Former President John Dramani Mahama who is seeking a second chance to become the President of Ghana has attacked the Electoral Commission by accusing the officers as recuitors by the current Akufo-Addo-led government of working in their bid.
He also painted a dim picture of the EC’s management of the 2020 election and said law-enforcement officials were unwilling to respond to complaints by the National Democratic Congress about flaws in the voting.

According to Mr Mahama, “We’ve had an electoral commission that has been a model for the whole of Africa because of the innovations that we have introduced at every stage of the way … And because of that, it has created some of the best electoral processes that Africa has’’.

He claimed “Unfortunately, you get a government that comes in that appoints people who have a known partisan record on to the Commission. You as much as possible want to appoint people who are credible, who are respected, who everybody knows would be neutral. But this is a government that has a record of appointing NPP people to the Electoral Commission’’.

The former President said this when speaking at the London School of Economics with Parselelo Kantai, the Nairobi-based politics/society editor of the Royal African Society’s African Arguments platform, and Nana Yaa Mensah of Asaase radio recently.

He claimed “Indeed … sometimes it falls out of their own mouths. One of the commissioners said that our party [the National Democratic Congress] is the biggest existential threat to democracy in Ghana. And he’s a member of the Commission! We know that he was a patron of the NPP student movement on campus’’.

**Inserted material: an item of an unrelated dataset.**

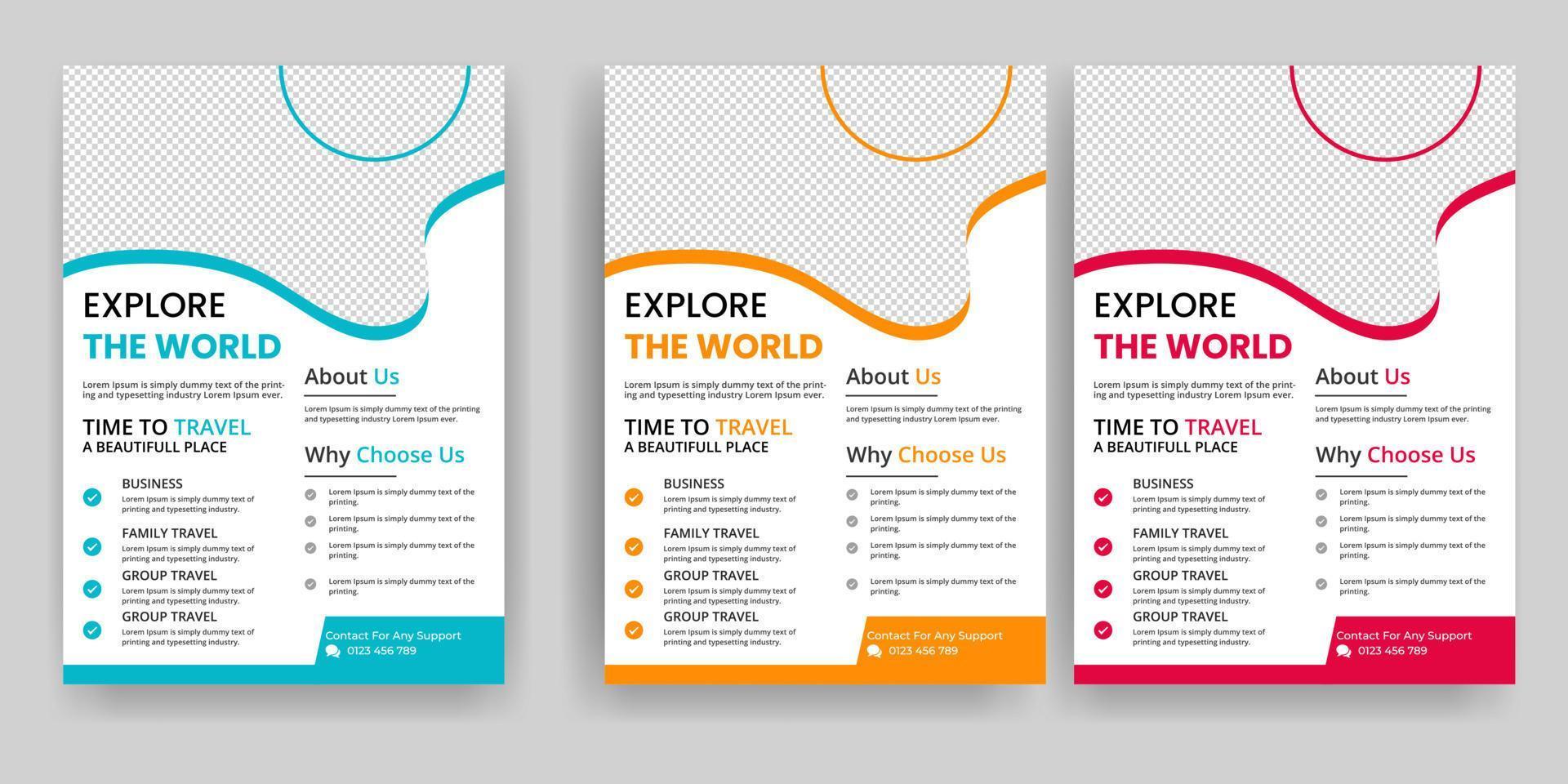 modern travel flyer free download vector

He lamented “There’s even another one who was part of the manifesto writing committee of the NPP. When you have people like that being appointed to the Commission, then you begin to wonder: ‘Should we change the mode of appointment of these people? Should the appointment be taken away from the president and given to some other, independent body?’”.

“[The running of an election] a very complicated process and it needs a lot of stakeholder engagement; it needs level heads – level-headedness – to be able to encourage the EC to do its work so that we all are satisfied with the integrity of the election’’.

Mr Mahama added “Recently there was an announcement of recruitment of returning officers, and the information we have is that ministers and DCEs [district chief executives] and others were asked to write the names of party apparatchiki and present them so that they would be appointed as the returning officers. Are these people going to be neutral?”,.

He added “These are things that beginning to [hobble] us,” Mahama said of the perceived EC bias. “And I think that Ghana has the shock absorbers to be able to go through these processes and debate the necessary reforms.”